Lembro-me de ter escrito há um tempo que o maior sonho ou pesadelo de um diretor de fotografia é trabalhar com o jogo de iluminação de shows ou boates. No meu caso, como aspirante a DF, é um sonho. Digo isso porque a liberdade que o cinematografista tem ao modelar a iluminação é infinitamente maior a que ele teria em uma tomada destinada a diálogos ou a demais externas. E ver um trabalho tão fantástico como o que Bojan Bazelli fez aqui é uma inspiração. O jogo de iluminação é sublime. A fotografia sofre transformações que é de encher os olhos para quem aprecia essa arte tão especial. A luz dança com os atores enquanto vários tons coloridos são misturados em harmonia. Eu iria me estender demais se continuar a escrever sobre a iluminação do longa, mas garanto a vocês que este é um trabalho impecável. Só há um porém na fotografia de Bazelli – o cara não é um gênio de composição, ou seja, existem muitos planos mal construídos em alguns momentos pontuais da obra, mas nada que prejudique a experiência.
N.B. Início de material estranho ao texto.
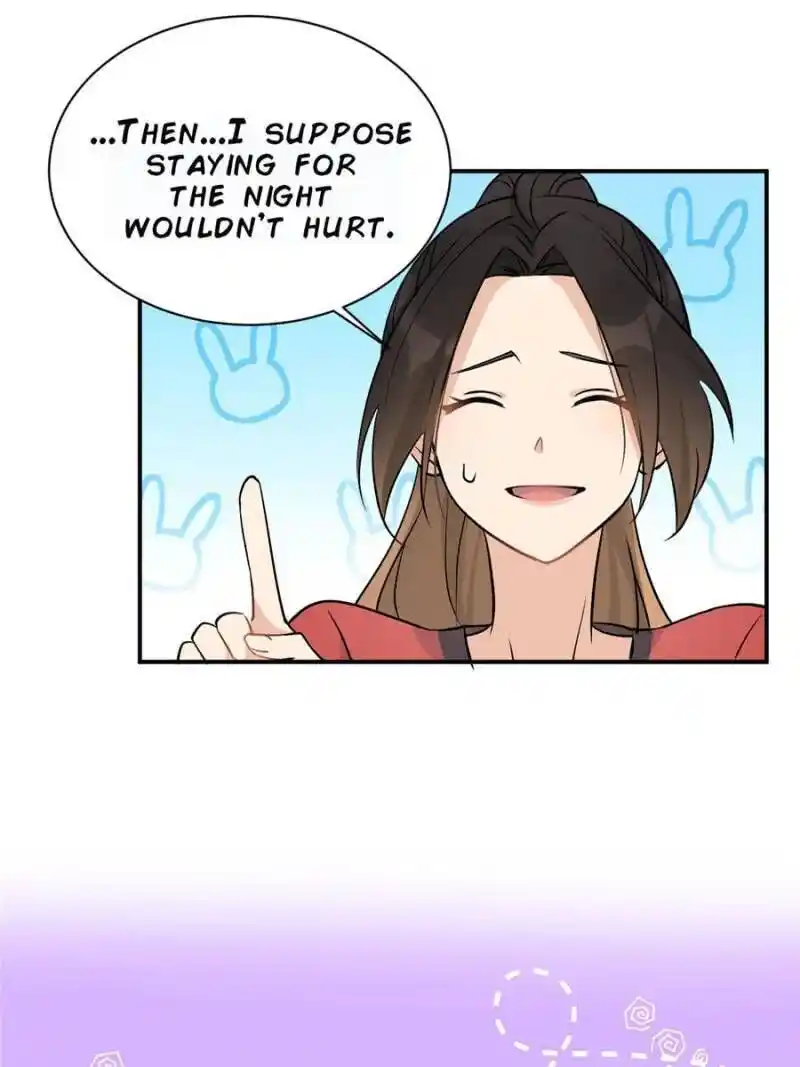 Da Lao Shiyi Hou Zhi Jide Wo Chapter 63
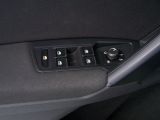 VW Tiguan bei Reisemobile.expert - Abbildung (6 / 15)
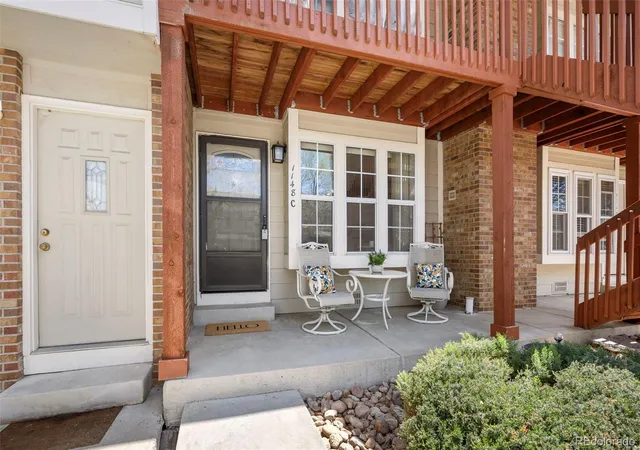 Homes for sale in Aurora, CO | 1148 S Ventura Cir, Aurora, CO 80017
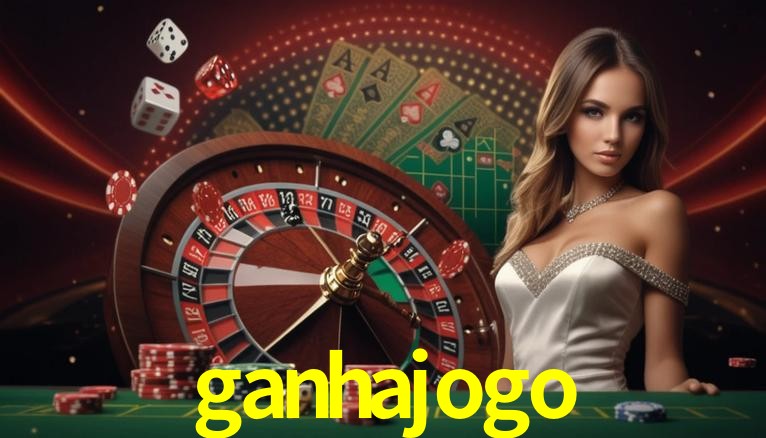 Account Benefits ganhajogo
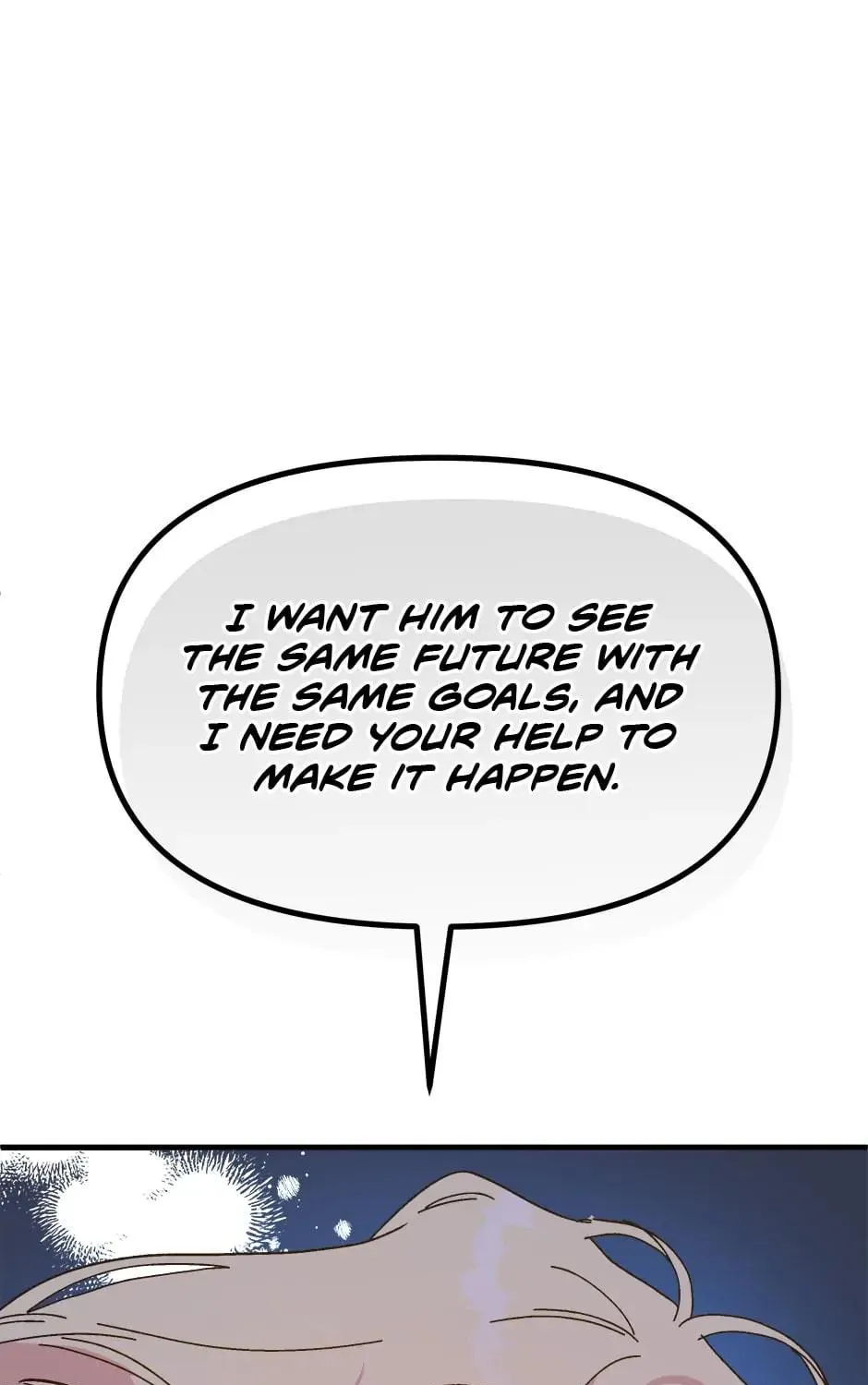 Read Crazy Like a Fox chapter 94 image 165 on Lezhin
Adam Shankman é quem comanda a direção. Ele tinha experiência de outros filmes musicais –“Hairspray” e, com certeza, isso ajudou bastante a melhorar o resultado final. Shankman consegue deixar a história fluída graças aos muitos números musicais, mas não é preciso dizer que o ritmo despenca nas cenas destinadas aos diálogos. Além de sua falha em não conseguir fazer a personagem Sherrie vingar em quase momento algum.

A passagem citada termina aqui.